Many primary schools closed for the day. Authorities estimated 40% of primary teachers and more than 30% of secondary teachers went on strike. Unions said participation was higher, at 70% in primary schools.
Public service radio and television were also disrupted, and some theatres and museums closed. Some refinery shipments were blocked and energy output lowered.
The 24-hour strike and protests in 200 towns and cities are the first big test for Macron since his re-election against his far-right rival Marine Le Pen last spring.
Macron has made the pensions issue a marker of his aim to transform France and overhaul its social model and welfare system. He insists he will deliver his key election pledge to change the French pension system – raising the retirement age for most people to 64 from 62 and increasing the years of contributions required for a full pension. Opinion polls have shown most French people oppose these proposals and view them as unjust, even if many agree with a need for change.
At a French-Spanish summit in Barcelona, Macron defended what he called a “fair and responsible reform” and said he hoped the protests would not descend into violence.
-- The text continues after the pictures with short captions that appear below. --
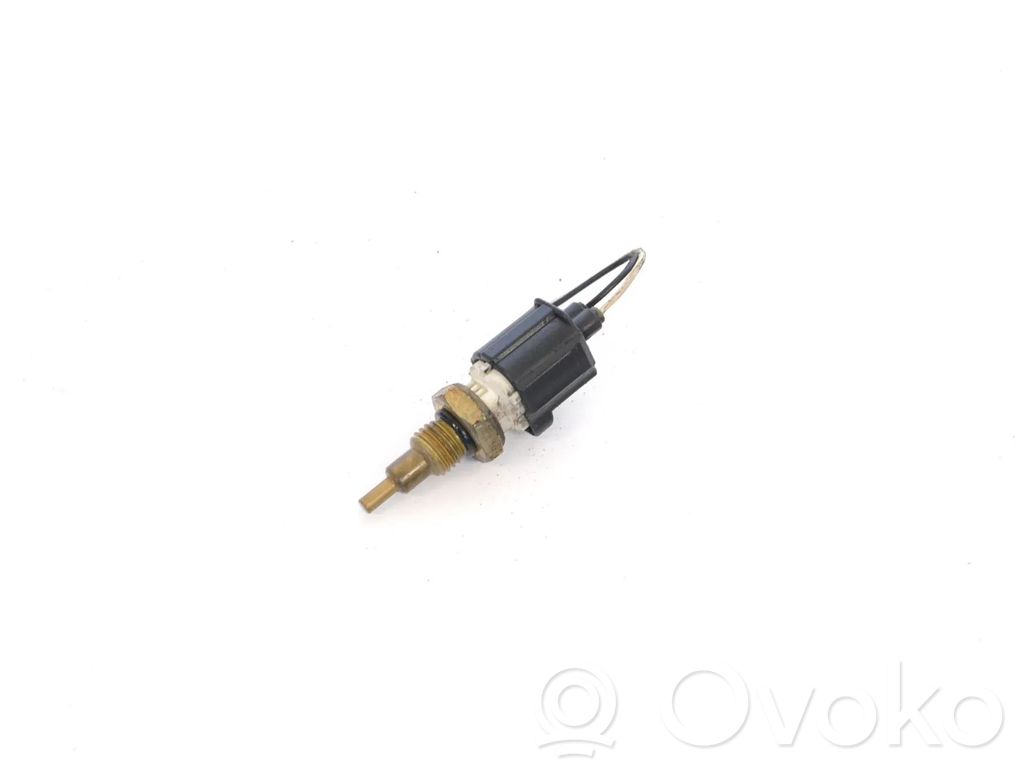 Toyota Prius (XW30) Sensor de temperatura del refrigerante 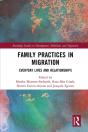 Family Practices In Migration - Preview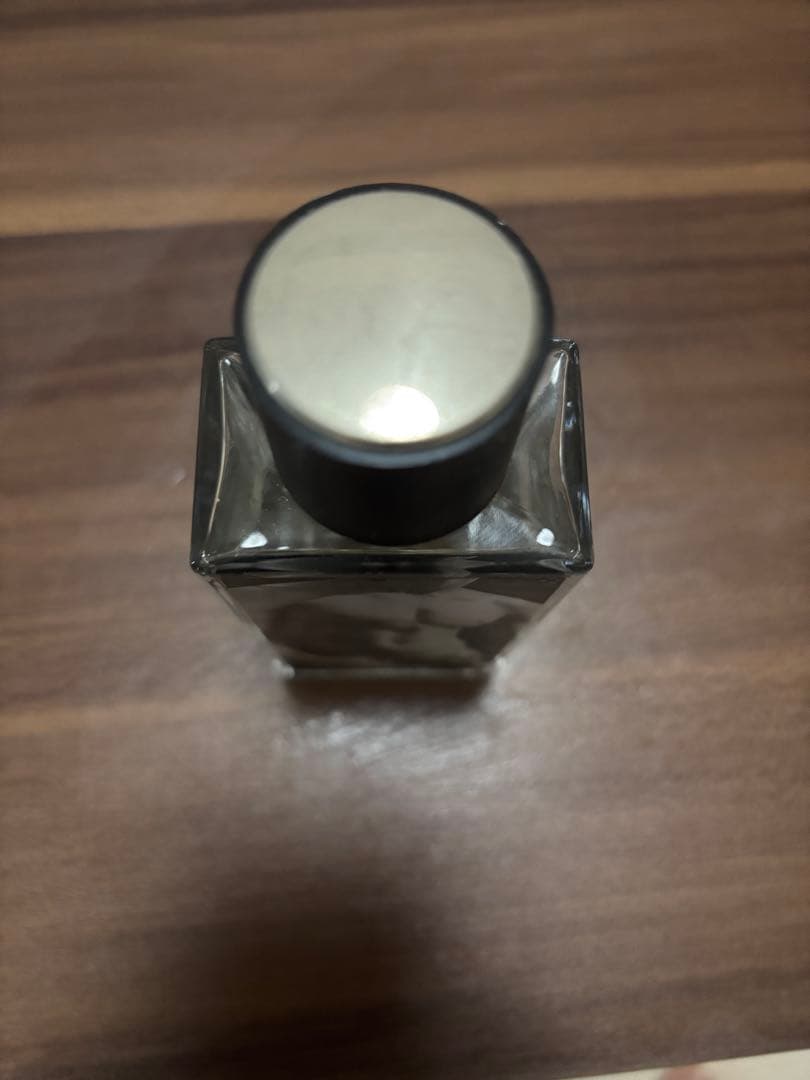 アバクロンビー＆フィッチ フィアース フィアス　オーデコロン　香水　100ml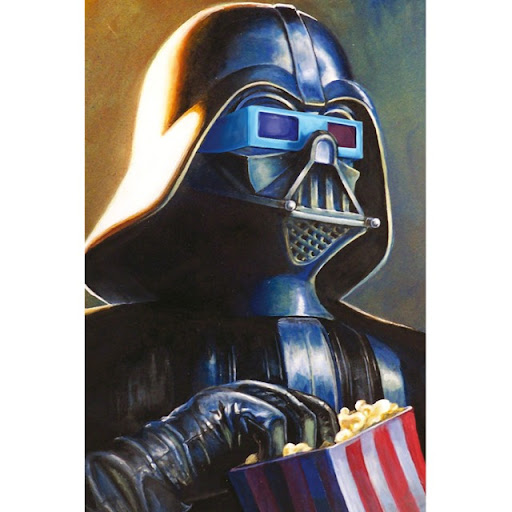 Michael Harlan Photo 46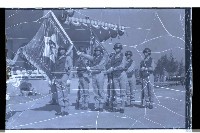 登錄號:KH2002.014.0040藏品圖，第9張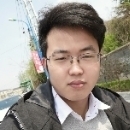 ^漓江.渔火的第一张照片--上饶相亲服务中心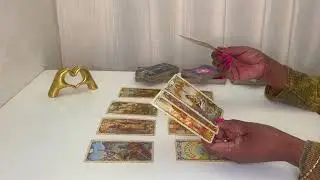 SAGITARIO🏹♐EL LENGUAJE SECRETO DE LAS CARTAS‼️🌈💫TAROT PARA COMPRENDER TUS DUDAS‼️🤔💭💵😍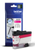 Brother LC3237M Genuine Magenta Ink Cartridge
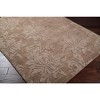 Mark & Day Coalhurst Loomed Indoor Area Rugs - 2 of 3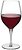 Фото G4U Terroir (66095)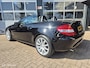 Mercedes-Benz SLK 200 K. LEDER 17" XENON PDC NAP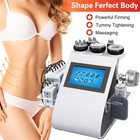 9 In 1 Beauty Machine For Body Massage Facial Skin Care Skin Lifting Lost Weig8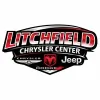 Litchfield Chrysler Center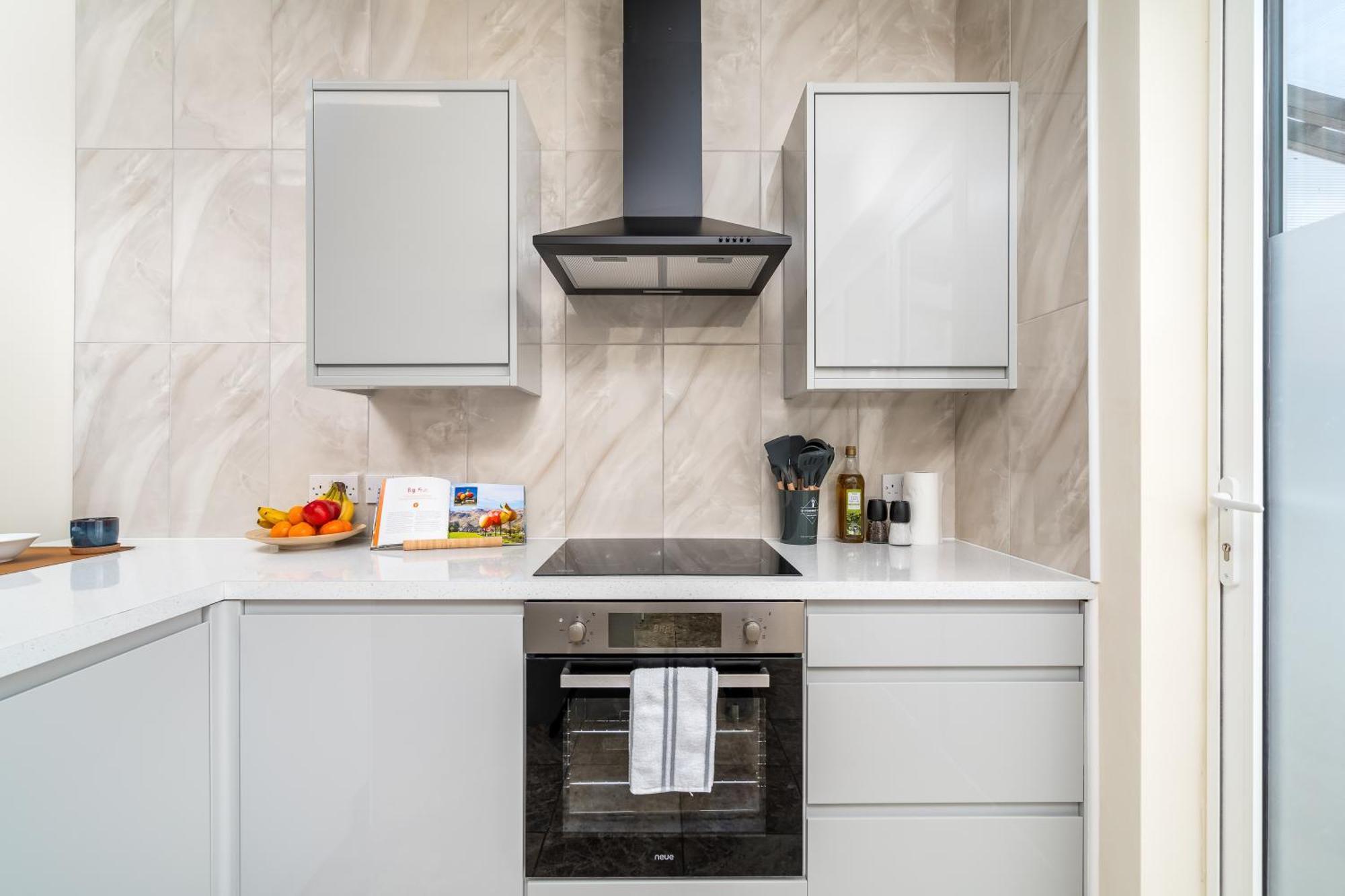 Homely And Stylish Apartment With A Garden In East Finchley Лондон Экстерьер фото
The main question for Macron and the government is whether trade unions, who joined together in a rare and historic united front for a 24-hour strike, will harness public anger into a broader social protest movement and continue industrial action.
Macron remains conscious of the legacy of the gilets jaunes (yellow vests) anti-government protest movement that erupted in 2018 from the ground up, without trade union leadership, taking the government by surprise. It is uncertain whether the anger at pension change and the cost of living could swell the current protests.
The pension changes still need to go through parliament, where Macron’s centrist grouping has lost its absolute majority. The government is hoping to pass the bill swiftly with the support of lawmakers from the rightwing Les Républicains.
The government says it wants to keep public spending in check. “This reform is necessary and fair,” the labour minister, Olivier Dussopt, told LCI TV.
The labour ministry estimates that pushing back the retirement age by two years and extending the paying-in period would bring an additional €17.7bn (£15.5bn) in pension contributions, allowing the system to break even by 2027.
Unions said ordinary workers would be hit and the changes were unfair.